Lorsque je me suis inscrit à mon premier cours de plongée en scaphandre, je ne savais même pas ce qu’était l’équilibrage. C’était quelque chose que je faisais instinctivement. Cependant, lorsque je suis passé instructeur, j’ai dû apprendre à mes élèves à le faire, alors j’ai commencé à étudier les techniques, pour plus tard développer une méthode que j’ai appelée « l’équilibrage conscient ». Aujourd’hui, j’enseigne l’apnée auprès de l’Apnea Academy, et j’organise des séminaires sur le sujet dans toute l’Europe.

- La prochaine étape ?

Mon prochain objectif est le record mondial d’apnée en poids variable (on descend le plus bas possible à l’aide d’une gueuse et on remonte par ses propres moyens, en palmant ou en se tirant le long du filin guide). Le record actuel est de -145 m et mon record personnel dans cette discipline, que j’ai établi en 2013, est de -135 m.
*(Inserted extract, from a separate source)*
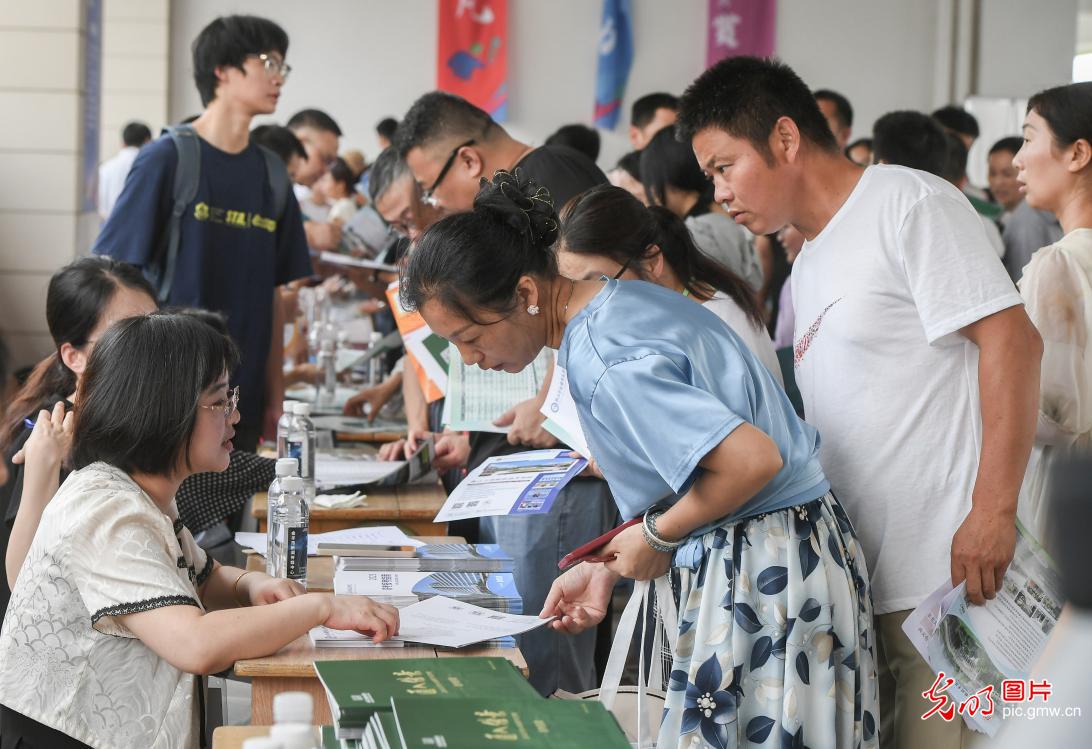 高校高招咨询密集展开 护航考生志愿路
- Mais votre rêve ultime, n’est-il pas de battre le record mondial d’apnée No Limit ?

Le record actuel est de -214 m, et je me suis fait la promesse de ne battre ce record que si je suis entouré d’une équipe médicale suffisamment bien formée et équipée. Pour réaliser une plongée de cette envergure, il faut être suivi par plusieurs spécialistes médicaux : un cardiologue, un neurologue, un pneumologue, et pas uniquement le jour du record, mais durant les derniers mois de préparation. L’on ne dispose pas encore de connaissances approfondies dans le domaine médico-scientifique en ce qui concerne la réponse physiologique à une telle profondeur. Par conséquent, je ne me sentirais pas à l’aise d’effectuer une plongée de ce type sans une organisation pointue. Je ne mettrais pas ma vie en danger pour y arriver.
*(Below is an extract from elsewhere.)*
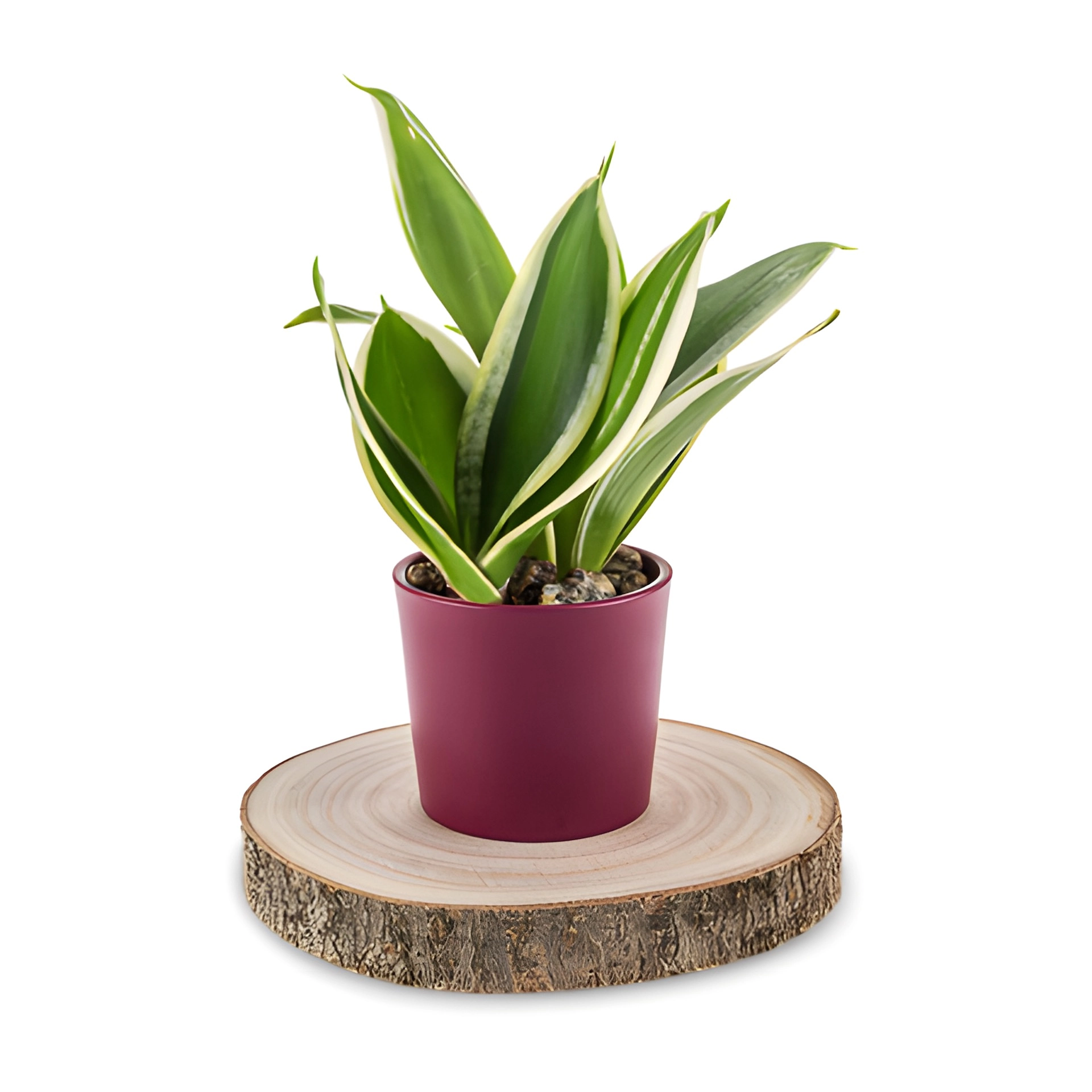 Untersetzer 'Baumscheibe', Ø ca. 15 cm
- Votre site de plongée préféré ?

Shark et Yolanda Reef en été. Et seulement si je peux y être très tôt, car les bateaux bondés de plongeurs en scaphandre commencent à arriver à 9 h, ce qui peut poser un risque pour les plongeurs en apnée. Cela fait des années que je plonge sur ce site, et je suis toujours émerveillé par les couleurs du corail, le mur qui descend à -780 m à Shark, et la multitude de poissons qui s’y rassemblent de mai à septembre.




Andrea Zuccari – profil 

  • Signe du zodiaque : scorpion
  • Âge :  41 ans 
  • Né à Rome (Italie) d’un père italien et d’une mère suisse Vit à Sharm el Sheikh, en Égypte
  • Site de plongée préféré : Shark Reef, Ras Mohammed, mer Rouge
  • Instructeur chez Apnea Academy International depuis 2008
  • Membre DAN depuis 2005


Palmarès 

  • 2006 - 2011 10 records nationaux suisses
  • 2011 Record du monde No Limit en tandem, à -125 m, avec la plongeuse allemande Anna Von Boetticher
  • 2013 Record du monde No Limit en tandem, à -126m, avec le plongeur grec Stavros Kastrinakis
  • 2014 Record italien No Limit, -175 m




À propos de l’auteur

Membre DAN depuis 1997, Claudio Di Manao est un instructeur de plongée PADI et IANTD. Il est l’auteur d’une série d’ouvrages et de nouvelles sur la plongée, notamment Shamandura Generation, un portrait exaltant de la communauté de plongée à Sharm el Sheik. Il collabore avec des magazines, des radios et des journaux, pour lesquels il écrit et parle sur des sujets qui lui tiennent particulièrement à cœur, comme la sécurité de la plongée, l’environnement marin et les voyages.